The programs that tickle this behavior set up deeply linked networks of
epoll file descriptors that cause the epoll algorithms to traverse them
indefinitely.  A couple of these sample programs have been previously
posted in this thread: https://lkml.org/lkml/2011/2/25/297.

To fix the loop detection path check algorithms, I simply keep track of
the epoll nodes that have been already visited.  Thus, the loop detection
becomes proportional to the number of epoll file descriptor and links.
This dramatically decreases the run-time of the loop check algorithm.  In
one diabolical case I tried it reduced the run-time from 15 mintues (all
in kernel time) to .3 seconds.

Fixing the wakeup paths could be done at wakeup time in a similar manner
by keeping track of nodes that have already been visited, but the
complexity is harder, since there can be multiple wakeups on different
cpus...Thus, I've opted to limit the number of possible wakeup paths when
the paths are created.

This is accomplished, by noting that the end file descriptor points that
are found during the loop detection pass (from the newly added link), are
actually the sources for wakeup events.  I keep a list of these file
descriptors and limit the number and length of these paths that emanate
from these 'source file descriptors'.  In the current implemetation I
allow 1000 paths of length 1, 500 of length 2, 100 of length 3, 50 of
length 4 and 10 of length 5.  Note that it is sufficient to check the
'source file descriptors' reachable from the newly added link, since no
other 'source file descriptors' will have newly added links.  This allows
us to check only the wakeup paths that may have gotten too long, and not
re-check all possible wakeup paths on the system.

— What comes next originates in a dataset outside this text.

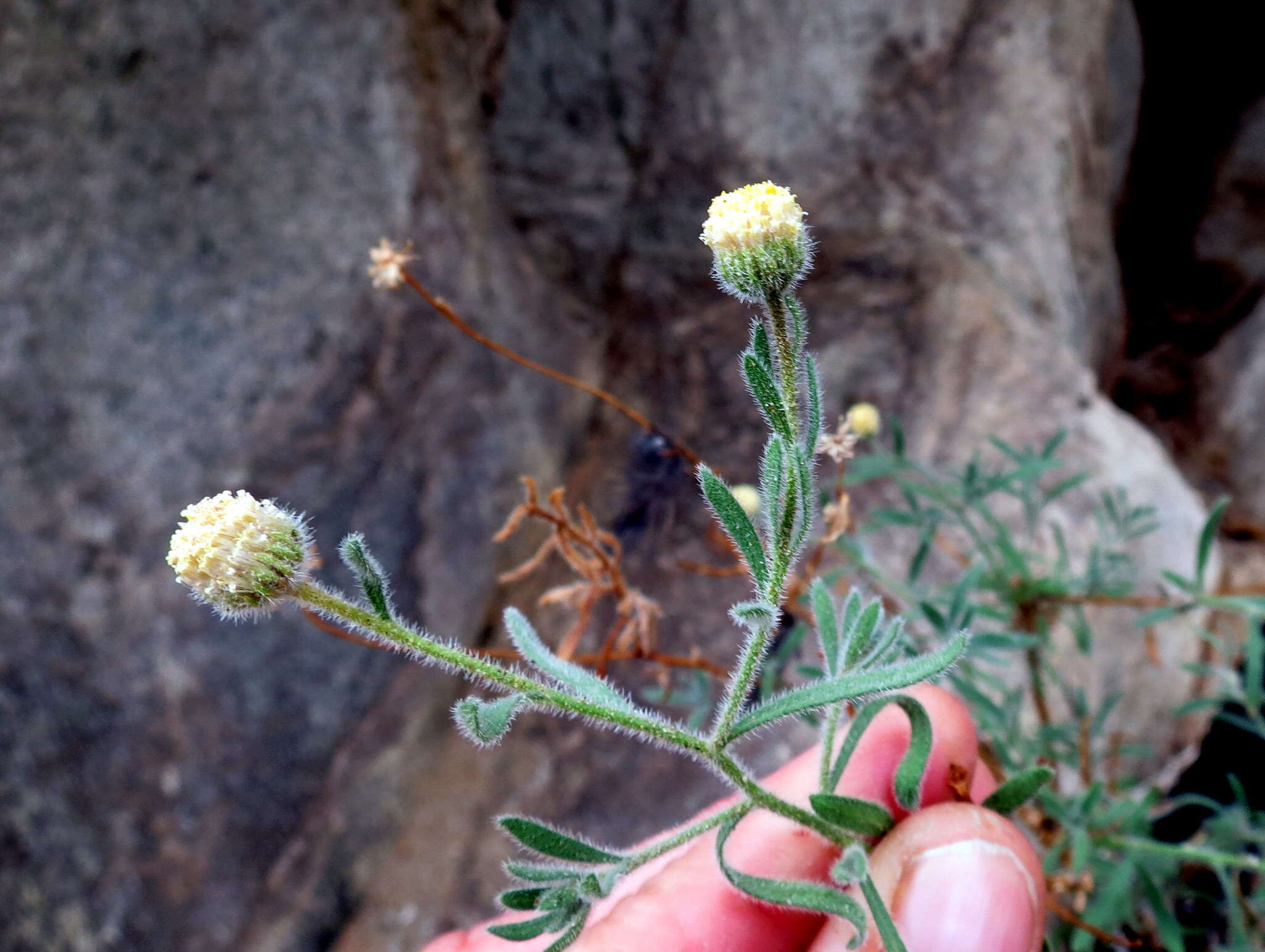 Слика од Chrysocoma puberula Schltr. ex Merxm.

In terms of the path limit selection, I think its first worth noting that
the most common case for epoll, is probably the model where you have 1
epoll file descriptor that is monitoring n number of 'source file
descriptors'.  In this case, each 'source file descriptor' has a 1 path of
length 1.  Thus, I believe that the limits I'm proposing are quite
reasonable and in fact may be too generous.  Thus, I'm hoping that the
proposed limits will not prevent any workloads that currently work to
fail.

In terms of locking, I have extended the use of the 'epmutex' to all
epoll_ctl add and remove operations.  Currently its only used in a subset
of the add paths.  I need to hold the epmutex, so that we can correctly
traverse a coherent graph, to check the number of paths.  I believe that
this additional locking is probably ok, since its in the setup/teardown
paths, and doesn't affect the running paths, but it certainly is going to
add some extra overhead.  Also, worth noting is that the epmuex was
recently added to the ep_ctl add operations in the initial path loop
detection code using the argument that it was not on a critical path.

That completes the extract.